The Aussie dollar looks set to fall further in the event of US tapering.

The market is down four points.The Dow Jones closed down nine at 15,875. The market traded around yesterday’s closing level — lacking direction while waiting for a decision from the FOMC in a 80 point range.

Economic data was limited, with a flat CPI indicating there is little inflationary pressure, although the core number was higher than expected, to prevent the continuation of easy monetary policy. We expect a decision from the Fed tomorrow morning our time.

The S&P fell six points to 1,781.

Oil was down 0.17% at US$97.31.

Gold fell $14.00 to US$1,230.40 per ounce.

The US$ was weaker against most major currencies. The Aussie dollar was also weaker and is currently trading at US 89.00c.

VIX volatility index rose 1.12% to 16.21.

US Treasury markets were stronger —  the yield on the 10 year bond fell four basis points to 2.841% in the lead up to the Fed decision tomorrow.

European shares were weaker  — the UK FTSE fell 0.55% and the German DAX was down 0.86% despite strong data on sentiment. The French CAC fell 1.24%.

European bonds were mixed  —  the yield on the Euro 10 year bond fell one basis point at 1.827% but Spanish and Portuguese yields were higher.

Base metal prices were stronger  —  led by zinc up 0.53%, aluminium up 0.26% and nickel up 0.2%. Copper was the exception, falling 0.34%.
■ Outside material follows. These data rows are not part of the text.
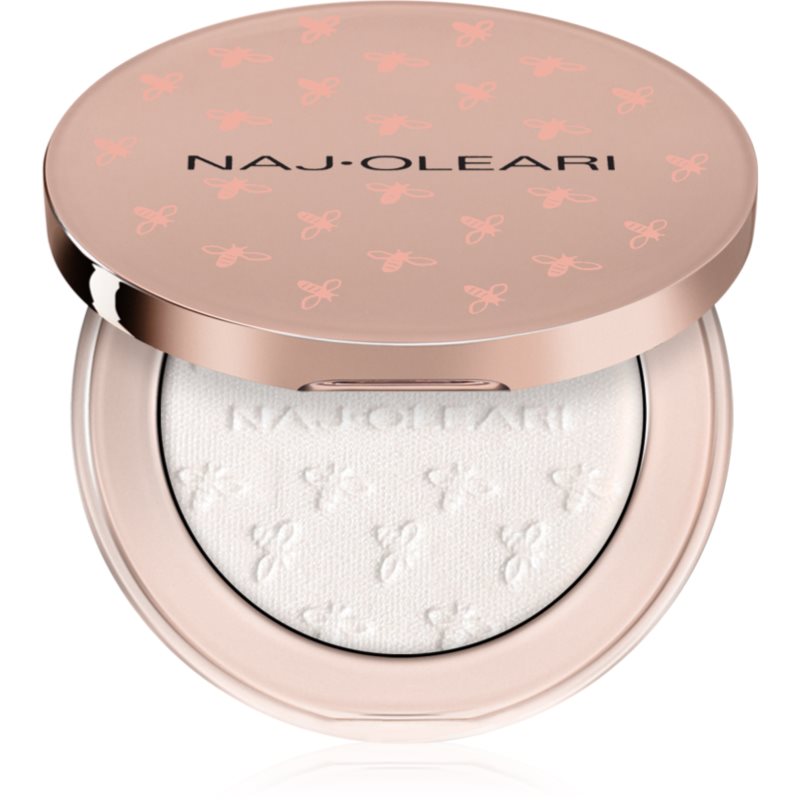 Naj Oleari Colour Fair Eyeshadow Wet & Dry Lauvärv naistele 01 Pearly Snow 2 g
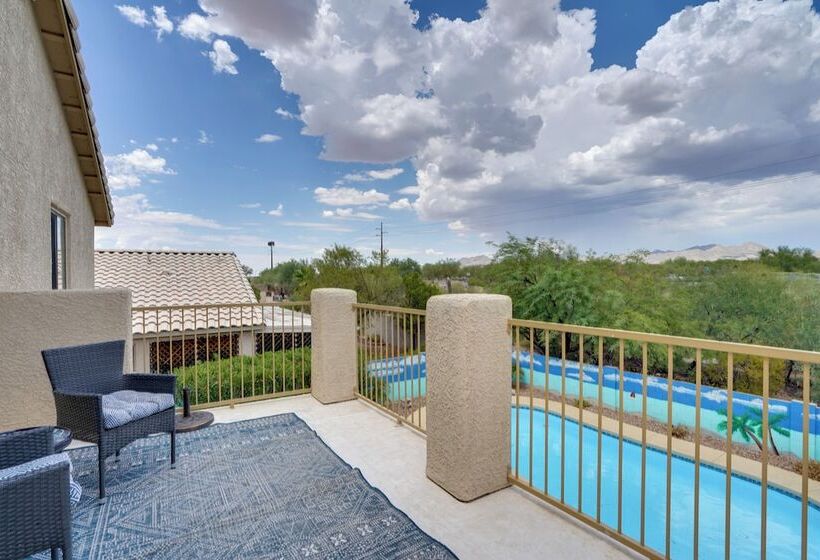 Lovely Tucson Home W/ Pool & Mountain Views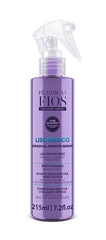 CADIVEU Liso Magico Smooth Serum packaging side view signals premium, lasting shine potential for hair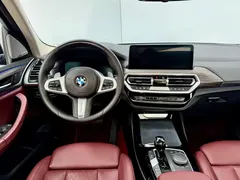 2022 BMW X3 Leading M Night Package, чёрный — фото 17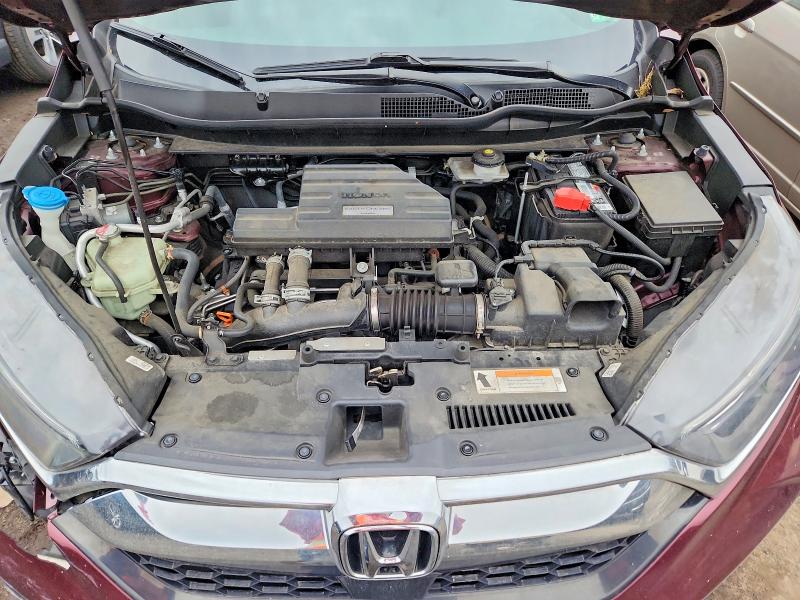 Photo 12 from auction – 2019 HONDA CR-V with VIN 7FARW2H80KE033200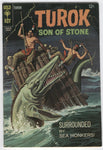 Turok, Son Of Stone #60 Surrounded By Sea Honkers Silver Age Classic FN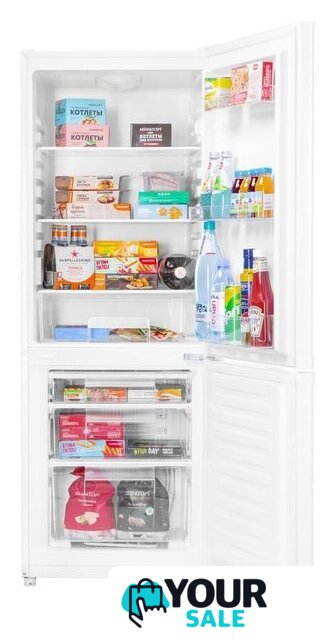 Холодильник MAUNFELD MFF150W - Изображение №4 — Интернет-магазин Your Sale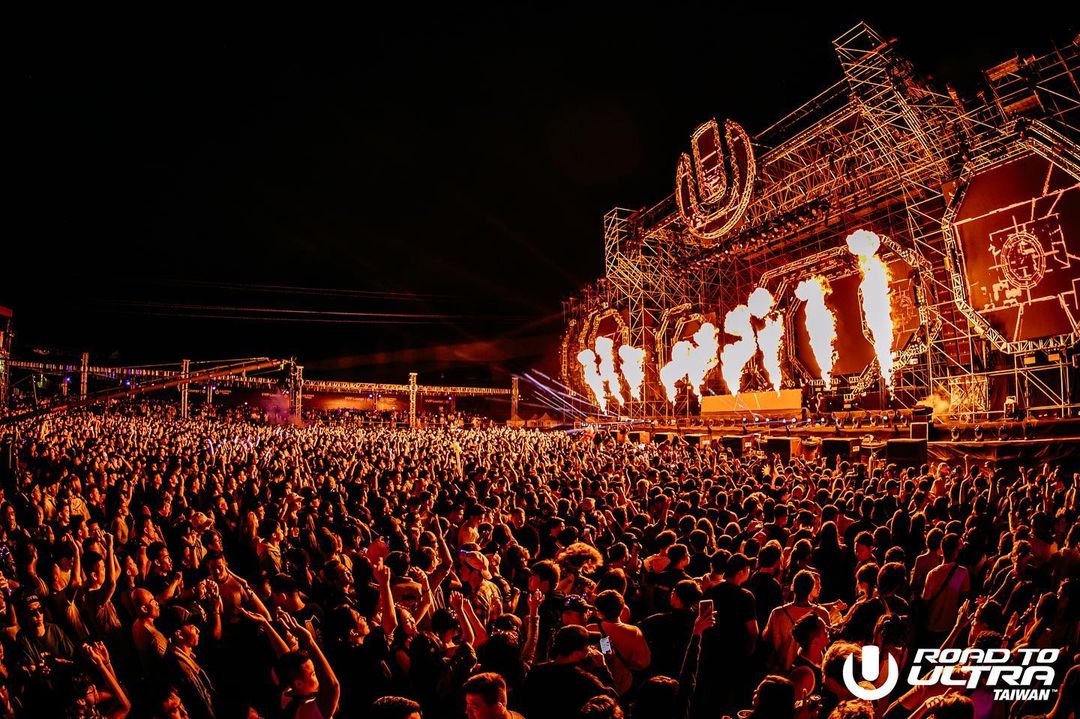 Alesso Releases Entirety of Ultra Taiwan Performance
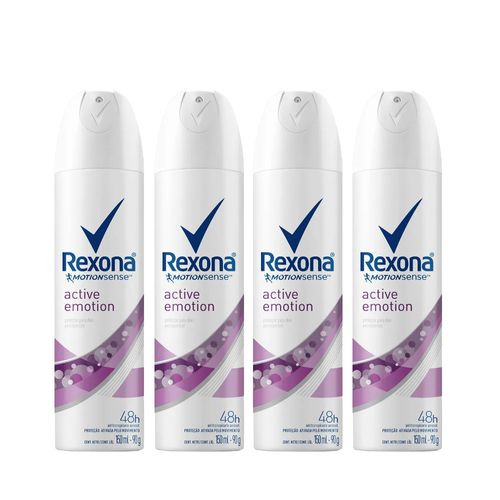 Kit-Desodorante-Rexona-Aerosol-Active-Emotion-150ml-4-Unidades-Pacheco-935125441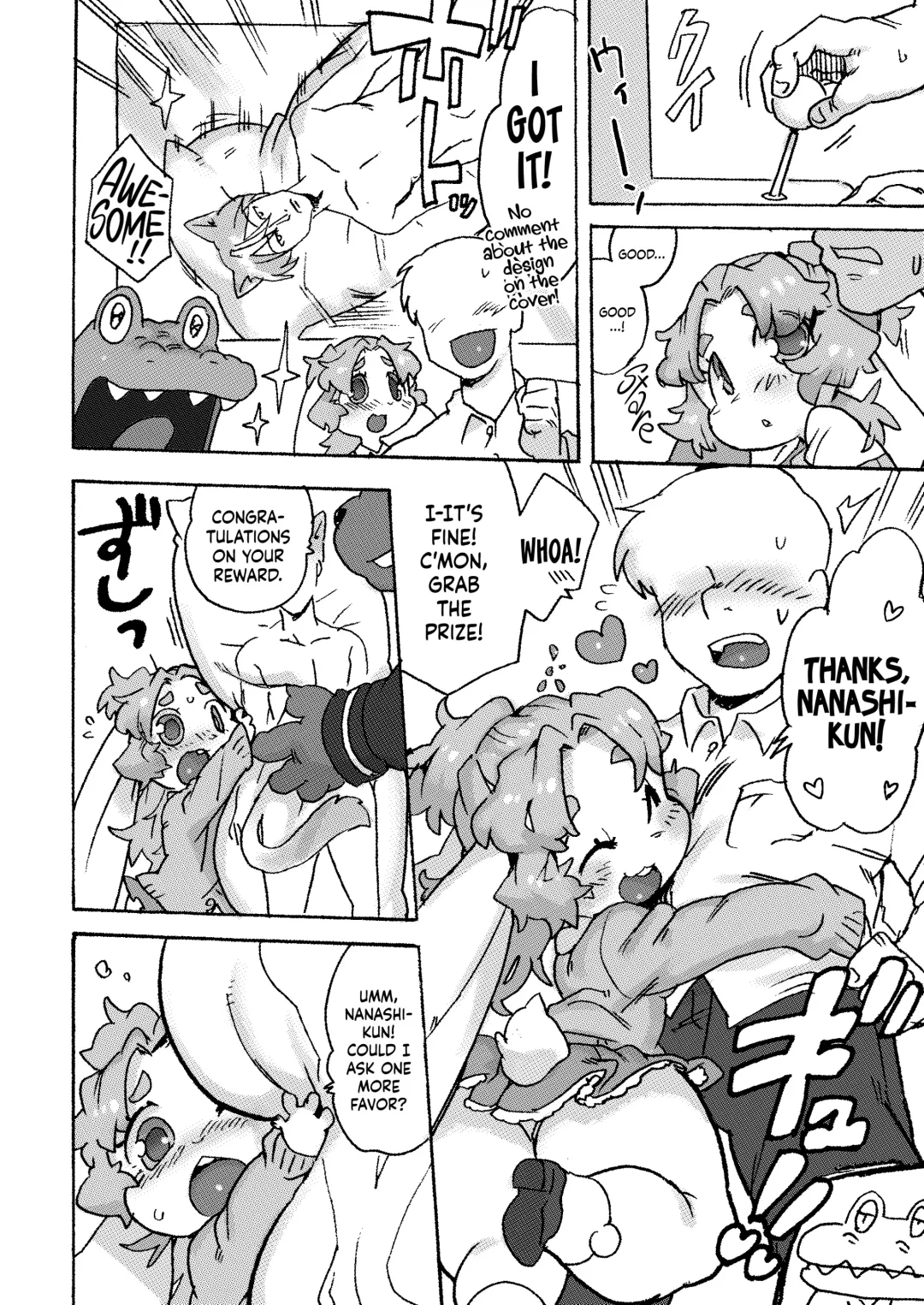 [Sanjiro] Kemo Gal ni Aisarete Moto no Sekai ni Kaerenai (decensored) Fhentai - Page 31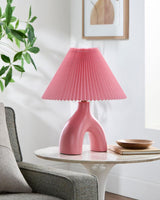 Livabliss Alvik AVK-004 18"H x 15"W x 15"D Table Lighting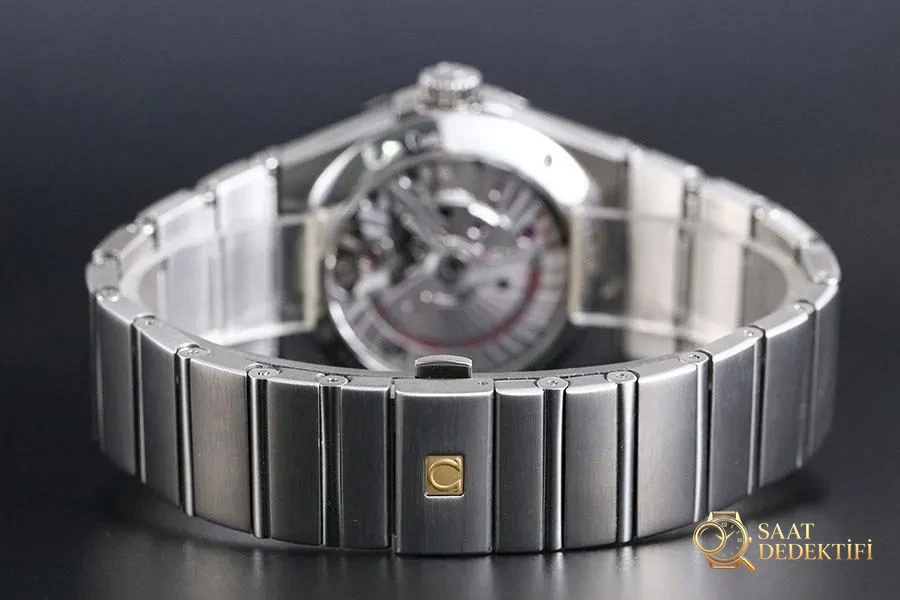 VS Factory Omega Constellation Serisi 123.10.38.21.01.001 Replika Kol Saati - 38 mm Model - Bilekte Duruş ve Kasa Orantısı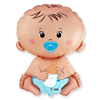Nr. 210 folie jongen 18 inch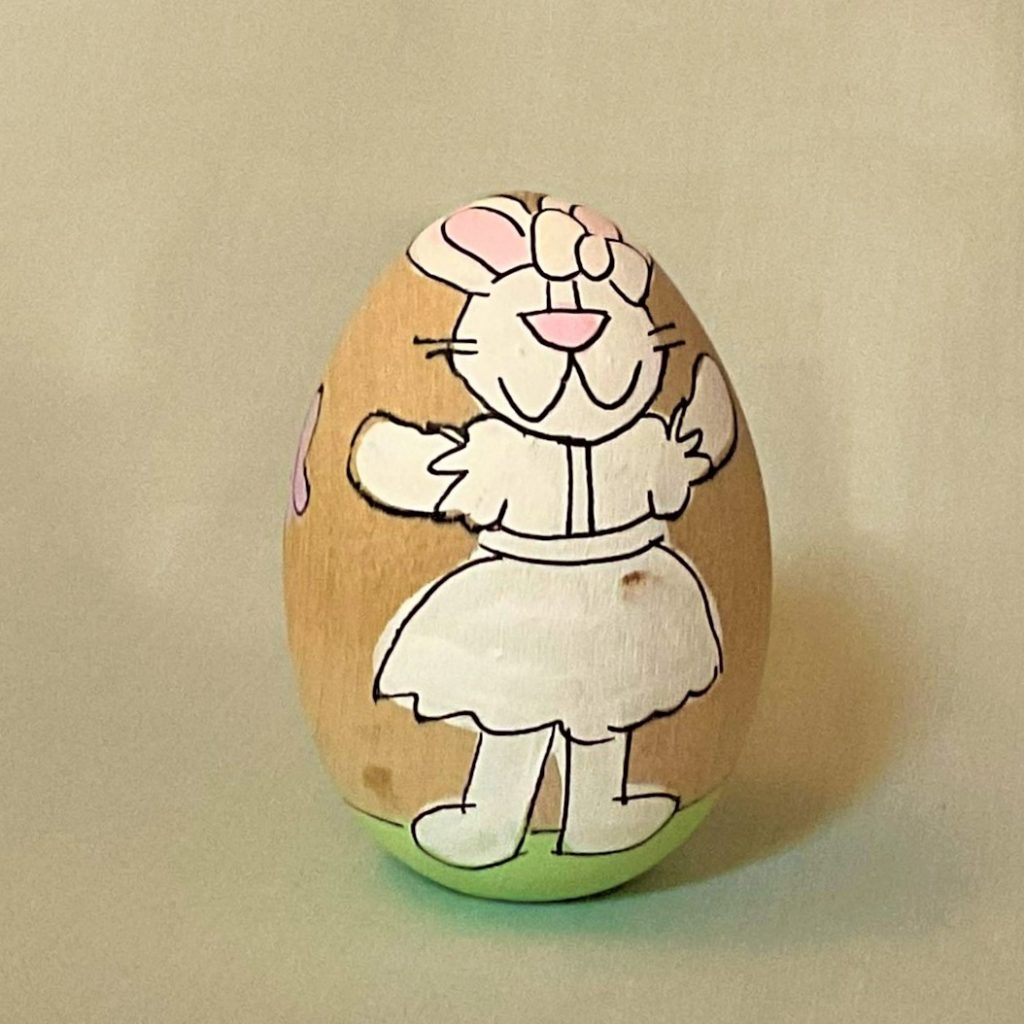 Personalized Egg - Religious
Iron ore was down US$0.60 at US$134.40 a tonne.

STORIES

  • The Aussie dollar has fallen below US89c for the first time in four months as the market prepares for a possible announcement by the US Federal Reserve to taper their bond buying program. This morning the dollar was trading at US88.82c but has since moved back up to US89.00c. If the US tapers tomorrow the Aussie dollar is set to drop, with economists saying it could trade between US 87.50c and US90.00c.
  • Wotif.com (WTF) —  Is down 30% after issuing a profit downgrade. Profit for the half is expected to be in the range of $21.9-22.6 million, compared to $27.5 million in the prior half-year. The outlook for the second half of the 2014 financial year remains volatile with retail conditions in key Australian and New Zealand retail market continuing to be soft. Given this volatility, WTF has not provided guidance for the full 2014 fiscal year at this time.
  • Today was the first day of the FOMC meeting and trading was quiet ahead of the decision (Bernanke has a press conference at 2.30pm New York time which is 6.30am for us). Very few were brave enough to make a stand. The general view is that there is perhaps enough evidence to justify an early tapering, with recent improvements in the economy and the labour market, but that the Fed will probably wait until there a verification of its sustainability.
  • UGL  — Down 5.3% after secures Chevron maintenance contract.
  • Pact Group (PGH) — Up 2.82% after listing on the ASX yesterday.
  • REA Group (REA 3601c) —  Down another 4.45% after yesterday’s 6.88% fall on the back of the departure of their CEO. Yesterday news of CEO Greg Ellis’ departure cause a negative reaction to the share price. But the outgoing CEO dismissed claims that his surprise exit had anything to do with the recent departure of CFO Jenny Macdonald. Speculation of board tensions did the rounds yesterday but many are labelling his departure as a mere coincidence. He told The Australian, “It is unfortunate that there are two senior positions that have left the company in quick succession, but they are unrelated to each other.”
  • Yesterday’s RBA minutes didn’t rule out another rate cut but the RBA would rather see the dollar drift lower to help prop up the economy. The RBA said, “The Board’s judgment remained that, given the substantial degree of policy stimulus that had been imparted, it was prudent to hold the cash rate steady while continuing to gauge the effects of earlier reductions, but not to close off the possibility of reducing it further.”
  • Yesterday Joe Hockey abandoned the Government’s commitment to achieve a budget surplus by 2016-17 as promised by Labor. He argued it would never have been achieved because spending was out of control. He presented a subdued economic outlook and projected $123 billion worth of deficits over the next four years. He revealed a revenue decline of $16.8 billion for the year contributing to a budget deficit in June 2014 expected to reach $47 billion. Treasury forecasts showed increasing debt which, if left on its current path, would see gross debt reach $667 billion by 2023-24 or 26% of GDP.